■ **What you will do**: Write out the listing from the line with "Jackson's Old Chatham House" to the line with "726 Giorgio Ave", both lines included, exactly and nothing beyond. Leave pictures out.

■ **Dataset extract**:
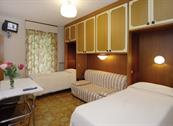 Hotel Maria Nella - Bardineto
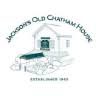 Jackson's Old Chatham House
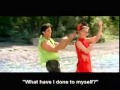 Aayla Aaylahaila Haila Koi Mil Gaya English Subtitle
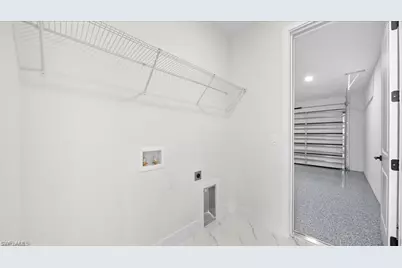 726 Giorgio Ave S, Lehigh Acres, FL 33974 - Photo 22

---

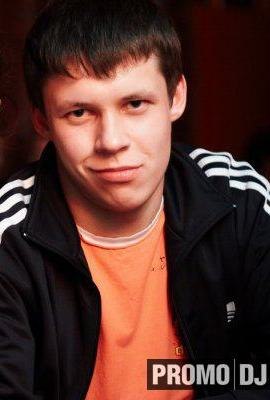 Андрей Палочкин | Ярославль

* * *

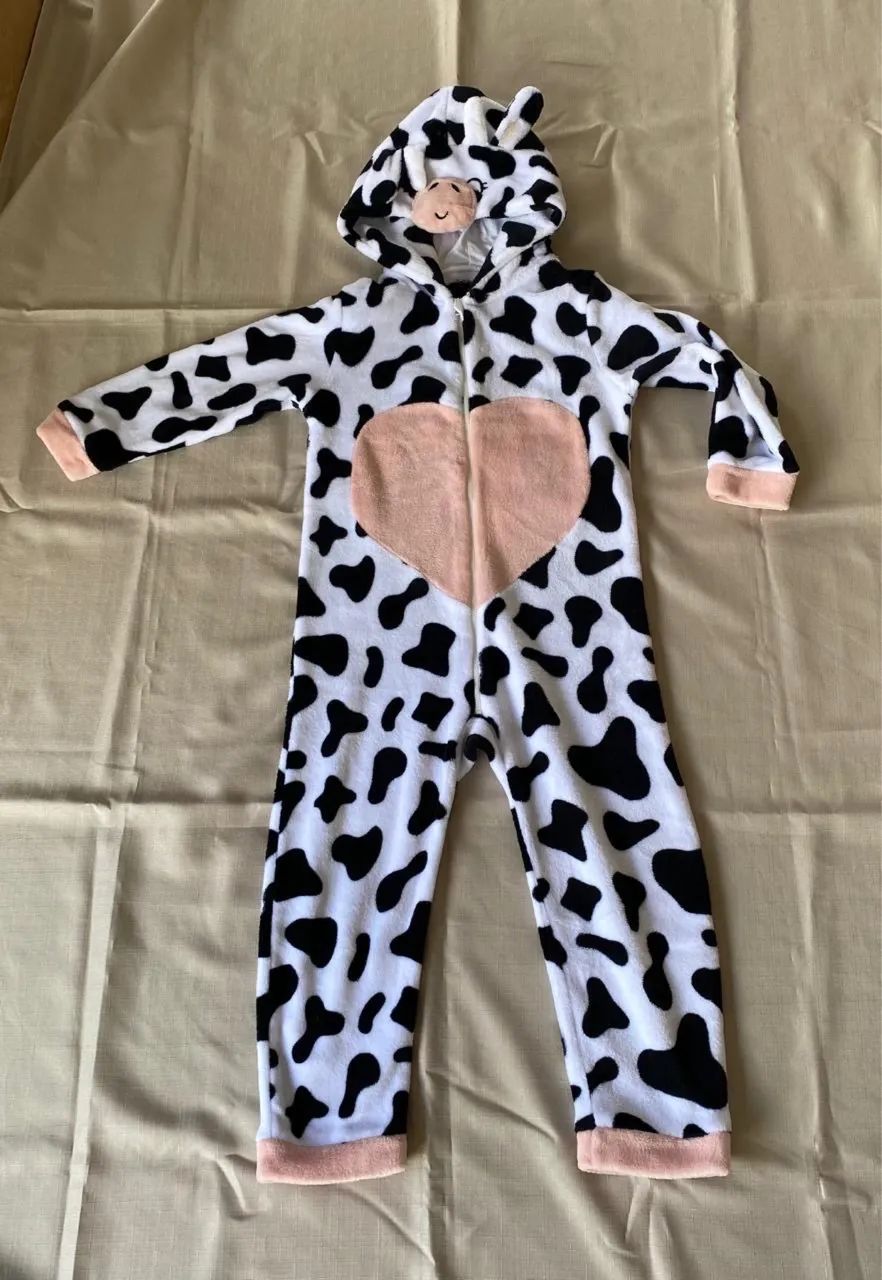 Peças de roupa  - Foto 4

■ **Written reply**:
 Jackson's Old Chatham House
 Aayla Aaylahaila Haila Koi Mil Gaya English Subtitle
 726 Giorgio Ave S, Lehigh Acres, FL 33974 - Photo 22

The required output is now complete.